GDPR gives EU residents specific rights over their personal data, and those rights extend to disaster recovery. If your EU customers’ data replicates to a US-based DR site, you’re transferring personal data outside the EU. That transfer requires either an adequacy decision covering the destination country, Standard Contractual Clauses, or another lawful transfer mechanism. In practice, this means many organizations need EU-resident DR for their EU workloads, not as a preference but as a requirement. As noted in recent analysis of the global data residency environment, data residency requirements create cascading compliance challenges where backup and disaster recovery plans need to respect localization boundaries.

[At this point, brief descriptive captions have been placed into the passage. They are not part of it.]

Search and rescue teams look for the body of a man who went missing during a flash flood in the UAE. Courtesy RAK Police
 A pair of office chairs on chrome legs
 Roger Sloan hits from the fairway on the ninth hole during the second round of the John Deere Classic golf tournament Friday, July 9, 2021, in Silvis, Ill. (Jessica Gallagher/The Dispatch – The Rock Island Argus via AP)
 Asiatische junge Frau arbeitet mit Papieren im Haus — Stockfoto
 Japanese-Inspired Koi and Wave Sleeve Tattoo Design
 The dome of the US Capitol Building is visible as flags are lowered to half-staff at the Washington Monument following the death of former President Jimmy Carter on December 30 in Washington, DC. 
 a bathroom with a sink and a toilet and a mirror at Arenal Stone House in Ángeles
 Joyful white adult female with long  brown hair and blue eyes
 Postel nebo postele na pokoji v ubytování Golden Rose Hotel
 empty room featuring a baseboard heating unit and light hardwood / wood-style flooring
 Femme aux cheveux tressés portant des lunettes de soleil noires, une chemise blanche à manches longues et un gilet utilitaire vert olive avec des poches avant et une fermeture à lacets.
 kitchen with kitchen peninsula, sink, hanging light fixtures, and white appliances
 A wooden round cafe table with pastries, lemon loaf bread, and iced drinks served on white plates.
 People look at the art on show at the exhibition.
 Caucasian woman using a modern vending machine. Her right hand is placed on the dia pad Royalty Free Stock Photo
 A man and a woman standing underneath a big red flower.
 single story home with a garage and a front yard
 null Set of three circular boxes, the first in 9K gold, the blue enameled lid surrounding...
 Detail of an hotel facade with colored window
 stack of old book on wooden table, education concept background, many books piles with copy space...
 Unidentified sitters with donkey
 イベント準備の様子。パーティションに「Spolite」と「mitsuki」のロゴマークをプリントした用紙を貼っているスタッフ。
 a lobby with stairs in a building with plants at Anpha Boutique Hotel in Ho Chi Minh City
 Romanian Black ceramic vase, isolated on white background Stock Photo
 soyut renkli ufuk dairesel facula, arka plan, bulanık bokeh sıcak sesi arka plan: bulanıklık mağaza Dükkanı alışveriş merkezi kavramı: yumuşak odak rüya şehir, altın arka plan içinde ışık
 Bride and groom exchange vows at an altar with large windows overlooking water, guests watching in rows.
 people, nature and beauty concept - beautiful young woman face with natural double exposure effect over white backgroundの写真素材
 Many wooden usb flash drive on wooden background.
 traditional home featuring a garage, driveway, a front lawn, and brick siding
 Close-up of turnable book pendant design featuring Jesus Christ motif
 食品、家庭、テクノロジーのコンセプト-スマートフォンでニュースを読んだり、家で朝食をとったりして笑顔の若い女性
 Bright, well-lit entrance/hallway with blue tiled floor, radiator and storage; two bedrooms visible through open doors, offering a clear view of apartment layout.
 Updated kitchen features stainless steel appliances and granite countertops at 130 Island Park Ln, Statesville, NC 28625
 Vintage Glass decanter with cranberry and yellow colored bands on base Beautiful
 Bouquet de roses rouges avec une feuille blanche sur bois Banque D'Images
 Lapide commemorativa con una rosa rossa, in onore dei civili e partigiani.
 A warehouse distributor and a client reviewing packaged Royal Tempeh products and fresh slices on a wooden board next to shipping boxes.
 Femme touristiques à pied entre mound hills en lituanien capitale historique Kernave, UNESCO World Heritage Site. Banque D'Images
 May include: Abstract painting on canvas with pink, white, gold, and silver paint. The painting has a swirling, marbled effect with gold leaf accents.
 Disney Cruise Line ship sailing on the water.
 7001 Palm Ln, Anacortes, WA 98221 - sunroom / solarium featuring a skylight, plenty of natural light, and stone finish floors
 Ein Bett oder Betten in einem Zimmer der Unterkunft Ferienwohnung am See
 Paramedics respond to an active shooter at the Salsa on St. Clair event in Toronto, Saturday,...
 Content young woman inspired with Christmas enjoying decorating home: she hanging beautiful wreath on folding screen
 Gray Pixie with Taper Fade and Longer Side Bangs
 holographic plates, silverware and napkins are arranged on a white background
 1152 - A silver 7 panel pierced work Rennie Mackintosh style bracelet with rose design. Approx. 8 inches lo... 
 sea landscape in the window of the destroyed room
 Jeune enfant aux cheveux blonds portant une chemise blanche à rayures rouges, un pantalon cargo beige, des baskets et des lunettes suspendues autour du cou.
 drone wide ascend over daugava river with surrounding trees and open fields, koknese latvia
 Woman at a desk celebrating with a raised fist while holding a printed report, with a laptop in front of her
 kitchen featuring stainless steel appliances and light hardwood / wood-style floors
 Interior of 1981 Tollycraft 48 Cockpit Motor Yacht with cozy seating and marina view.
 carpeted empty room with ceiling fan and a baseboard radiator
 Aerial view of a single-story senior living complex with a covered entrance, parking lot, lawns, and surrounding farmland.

The APAC case is more varied but trending in the same direction. Singapore itself doesn’t have a data localization mandate, but its neighbors increasingly do. India’s Digital Personal Data Protection Act, Indonesia’s Personal Data Protection Law, and similar frameworks in other APAC markets create a patchwork where Singapore-based infrastructure functions as a compliant APAC hub. Replicating to Singapore positions your DR architecture to serve customers in markets where cross-border data movement is increasingly restricted, without needing in-country infrastructure in every jurisdiction.
The performance argument reinforces the compliance one. A US-based DR site serving APAC users during an actual failover introduces significant latency. Singapore-based recovery infrastructure puts your users back on an endpoint that’s geographically reasonable for their traffic patterns, which matters for the user experience during what is already a disruptive event.
There’s also an infrastructure diversity argument. As covered in Why Disaster Recovery Is a Business Decision, Not a Technical One, using a different infrastructure provider as your DR site reduces the probability that a platform-level incident affects both your primary and your recovery environment simultaneously. A DR site on OpenMetal’s dedicated bare metal provides genuine separation from whatever provider runs your primary, in both regions.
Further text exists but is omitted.